[Opening Information supplied section]

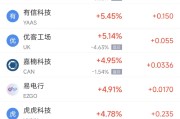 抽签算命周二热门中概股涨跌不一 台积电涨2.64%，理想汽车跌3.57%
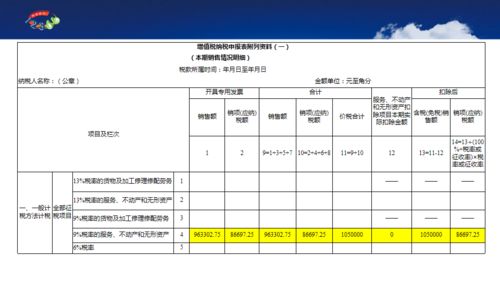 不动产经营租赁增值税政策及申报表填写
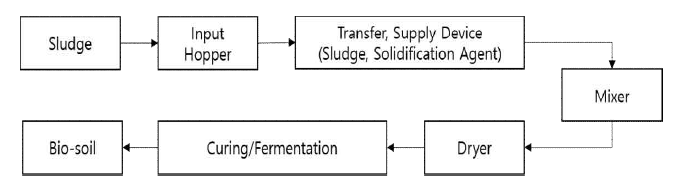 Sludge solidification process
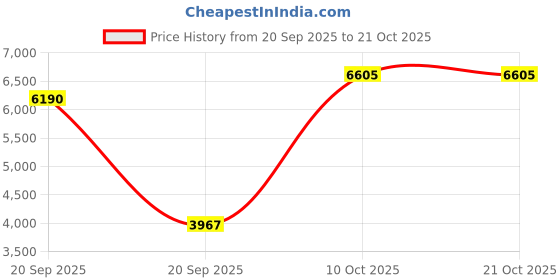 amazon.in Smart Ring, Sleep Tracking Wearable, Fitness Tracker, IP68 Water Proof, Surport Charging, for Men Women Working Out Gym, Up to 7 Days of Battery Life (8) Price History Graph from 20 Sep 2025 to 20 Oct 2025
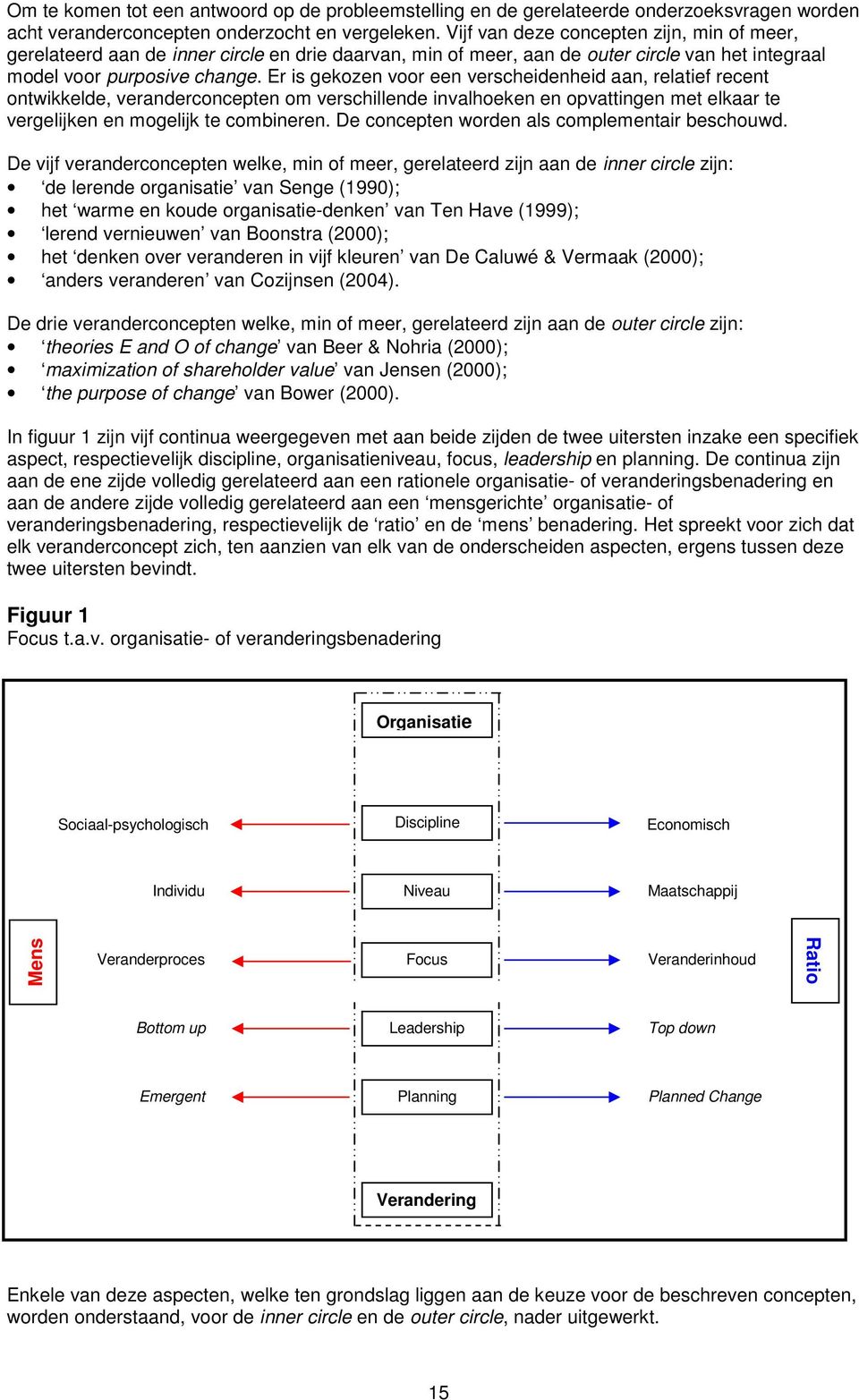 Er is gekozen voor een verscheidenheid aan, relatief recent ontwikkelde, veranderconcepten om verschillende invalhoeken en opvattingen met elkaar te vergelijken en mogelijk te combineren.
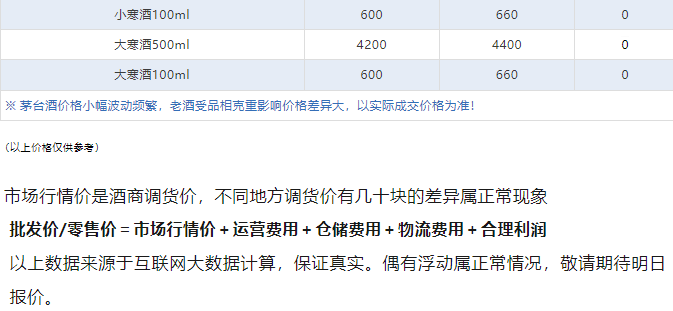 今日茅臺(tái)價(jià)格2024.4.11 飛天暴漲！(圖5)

[Closing Information supplied section]
[Opening Information supplied section]

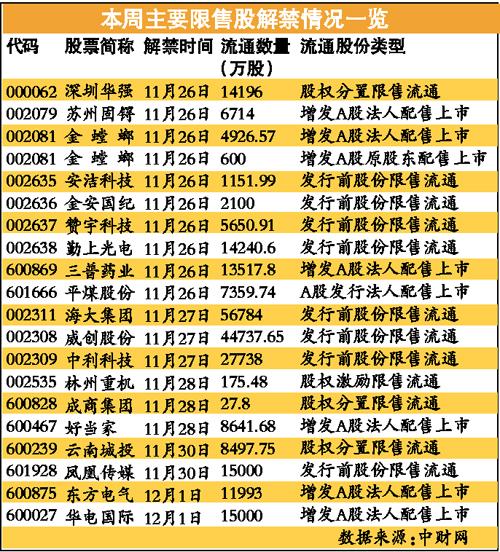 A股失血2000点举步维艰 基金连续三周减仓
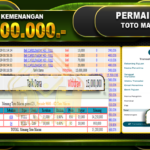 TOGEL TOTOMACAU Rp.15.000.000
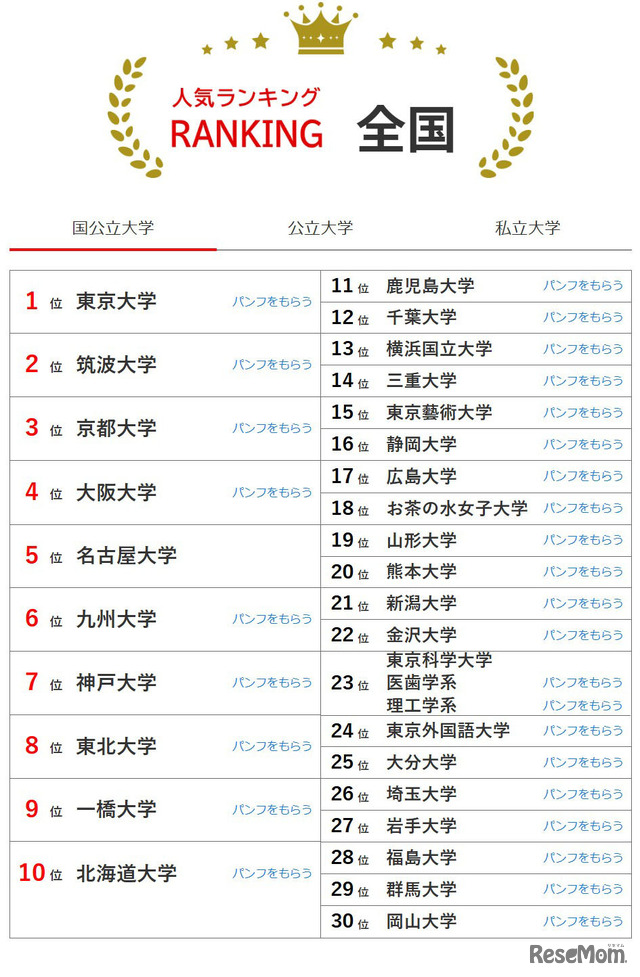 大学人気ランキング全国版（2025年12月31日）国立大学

[Closing Information supplied section]
[Opening Information supplied section]

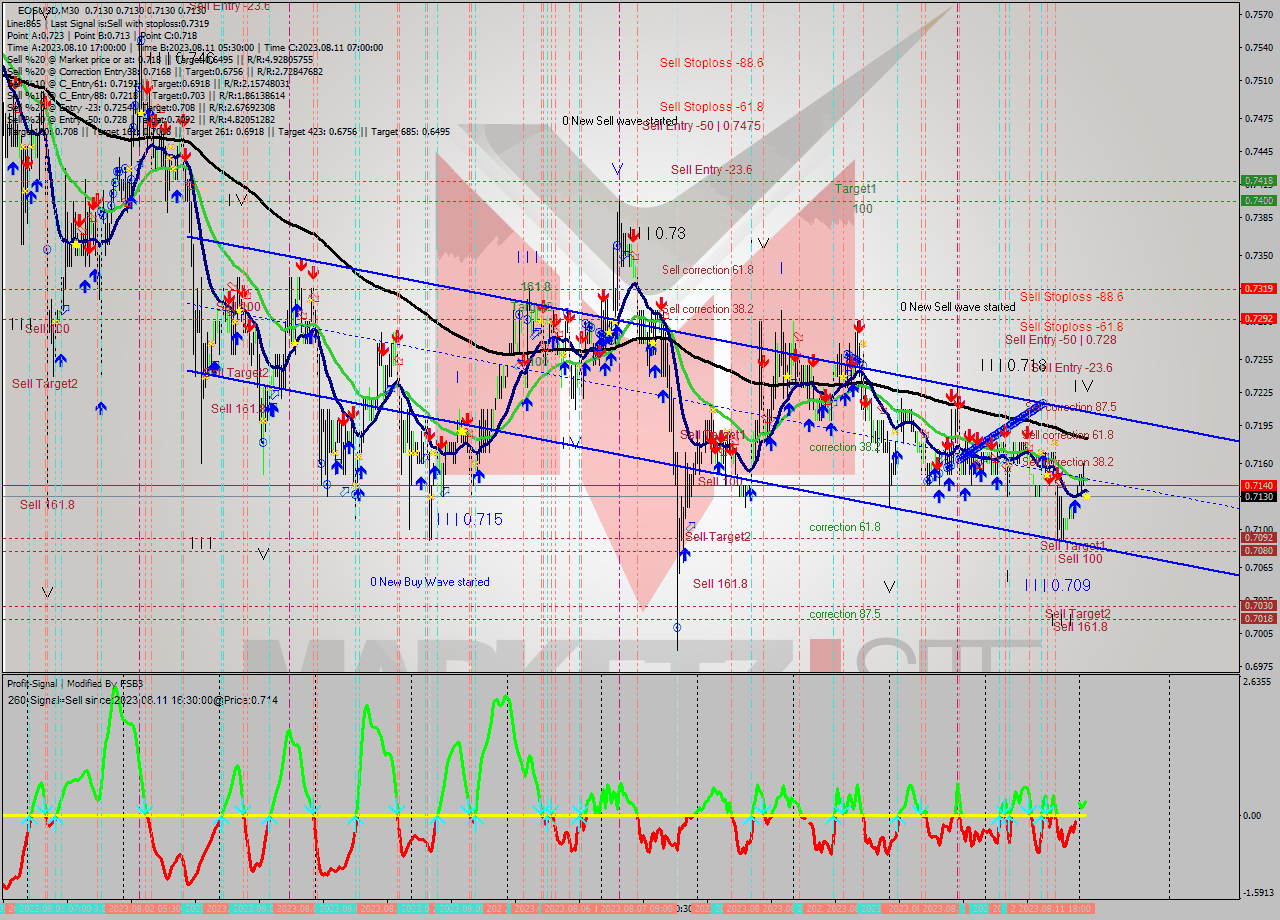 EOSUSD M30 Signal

[Closing Information supplied section]

_About this exercise_:
Only one stretch of the data is wanted: write out exactly the lines from the one holding "amazon.in Smart Ring, Sleep" through the one holding "今日茅臺(tái)價(jià", both included, without the pictures.

_Finished exercise_:
 amazon.in Smart Ring, Sleep Tracking Wearable, Fitness Tracker, IP68 Water Proof, Surport Charging, for Men Women Working Out Gym, Up to 7 Days of Battery Life (8) Price History Graph from 20 Sep 2025 to 20 Oct 2025
 Er is gekozen voor een verscheidenheid aan, relatief recent ontwikkelde, veranderconcepten om verschillende invalhoeken en opvattingen met elkaar te vergelijken en mogelijk te combineren.
 今日茅臺(tái)價(jià)格2024.4.11 飛天暴漲！(圖5)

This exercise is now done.